Title : Named Entity Recognition for Cultural Heritage

Presenter Marieke van Erp
Abstract Named entities are the basic building blocks for any text understanding task. In recent years, data-driven, or statistical named entity recognition (NER) approaches have risen to the challenge of automatically recognising named entities in text. However, most NER work has been focused on the newswire domain, leaving many domains still in need of suitable NER tools to unlock information in their texts. Domain adaptation is therefore an important task, but it also provides some big challenges to current NER approaches. I will present a study into NER for the cultural heritage domain in of an in-depth comparison of two state-of-the-art statistical approaches. One approach employs advanced features describing domain knowledge, the second achieves domain adaptation through retraining with domain data. Although the re- sults with the domain-informed approach are promising, our comparison shows that currently using annotated training data is still the most promising form of domain adaptation.
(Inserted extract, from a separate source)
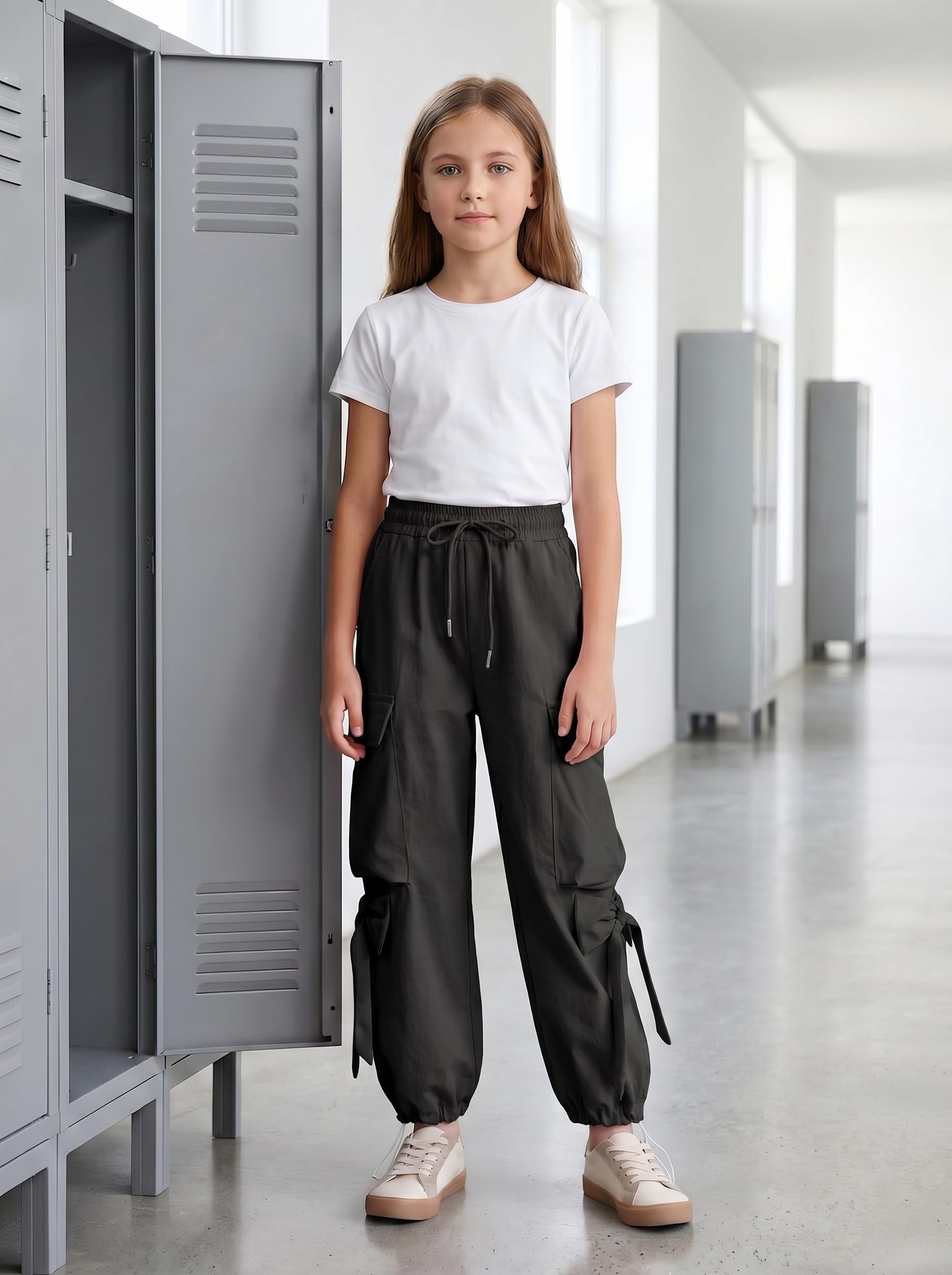 JiAmy Pantalones cargo holgados para niñas, cintura elástica con lazo, pierna ancha, transpirables, Y2K, pantalones deportivos casuales para verano, para baile, escuela, jugar, 5-14 años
Title : A Safe-Mode for OWL Ontologies

Presenter Thomas Scharrenbach
Abstract In the Semantic Web ontologies are used for modeling shared conceptualizations about a domain of discourse. Together with data they form a knowledge base. Yet, knowledge bases contain bugs, as they are created from different parts, created by different people, contain modeling artifacts, and use non-trivial formalism for inferencing. Ontologies have a sound logic formalism for inference, but bugs can cause the knowledge base to become inconsistent, which can make inference meaningless. Fixing those bugs, aka OWL-Debugging, requires re-writing parts of the knowledge base. To cope with situations where this is not desirable or even not feasible we introduce a safe-mode for knowledge bases. This safe-mode may limit certain services for the knowledge base while leaving the fundamental basics and the services as such unchanged. We show how the safe-mode can be implemented borrowing from Lehmann's Default Logics and Lukasiewicz' Probabilistic Description Logics.